Thursday 1 June 2017

Broken Politics


So Mrs May would rather be on the campaign trail than participating in a TV debate. While she can easily ignore or evade voters' questions in a carefully staged and heavily scripted visit to a factory or a bakery, it's a bit more difficult on a national TV debate. Then there is that little matter of the uncosted manifesto, not to mention answering accusations of Tory smear tactics against Corbyn.


There is an impressive body of data to suggest TV debates help to inform, educate and encourage the electorate to participate more in democracy - greater numbers watch the gladatorial election debates than any other form of campaigning. They can even get the electorate to more fully inspect manifestos, rather than relying on slanted propaganda from a partizan press - whether the Daily Telegraph (or Mail) or the Guardian. They also equalise party access to the mass media, giving parties with a smaller election budget a better chance to get their message across.

Increasingly, in Western democracies, campaigns have become dominated by the trustworthiness of the political leaders, who are candidates for the highest office in the land. The Leaders' TV Debate is basically a job interview with the board of directors. The Americans have been doing Presidential debates since the 60s and the Swedes since the 50s.

If Theresa May saw the debate as a distraction from the forthcoming Brexit negotiations, then why the hell call an election 11 days before they're due to start, unless it was pure, but misplaced opportunism. Nothing essentially wrong with opportunism, but the fact she said one thing and did another makes one doubt her every utterance.

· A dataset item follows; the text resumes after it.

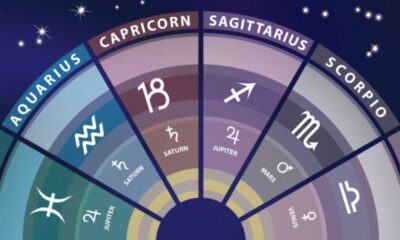 zodiac-signs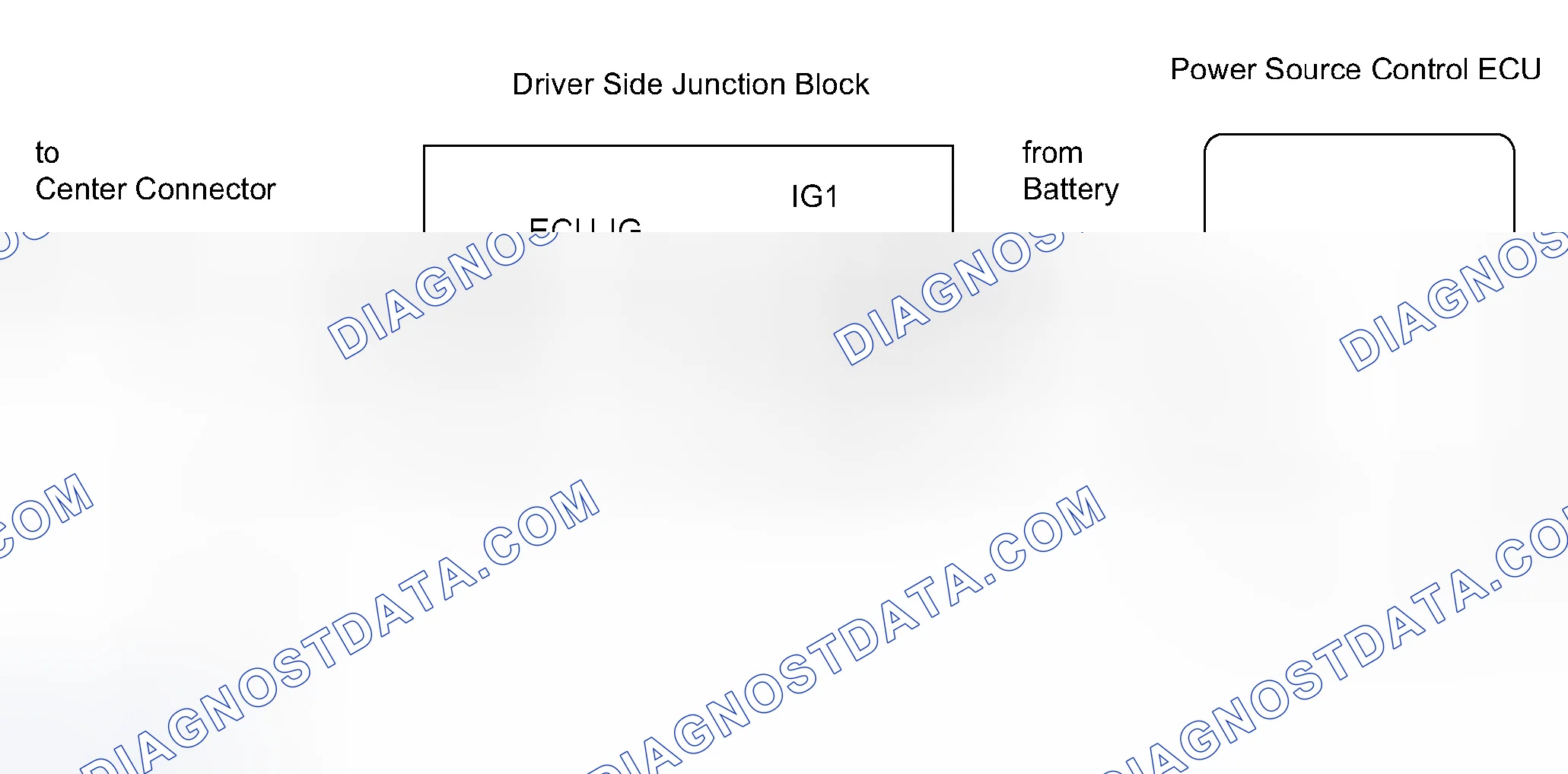 Scheme 3: WIRING DIAGRAM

If I hear the words 'strong and stable' once more, I'll throw up. A reduction to a 5 (or 3, if today's stats are to be believed) point lead from the massive one at the start of the campaign is not strong, nor are several policy U turns during the campaign an indication of either strength or stability, nor indeed principle.

No-one seemed to mention the absence of Nicola Sturgeon, who has always struck me as quite strong and fearless. It'll be an interesting election.

The winner? I'd say Caroline Lucas gave the best, most sincere performance on the night. Corbyn had the best policies and is also cam across as sincere.

The loser? Either Rudd or Nuttall. Hard to choose between them - Rudd was trying hard to defend the indefensible and I just can't take Nuttall seriously as a political force, or indeed a human being.

We watched Jimmy McGovern's 'Broken' last night. Utterly believable and a salient reminder to all about how hard it can be to live on the breadline.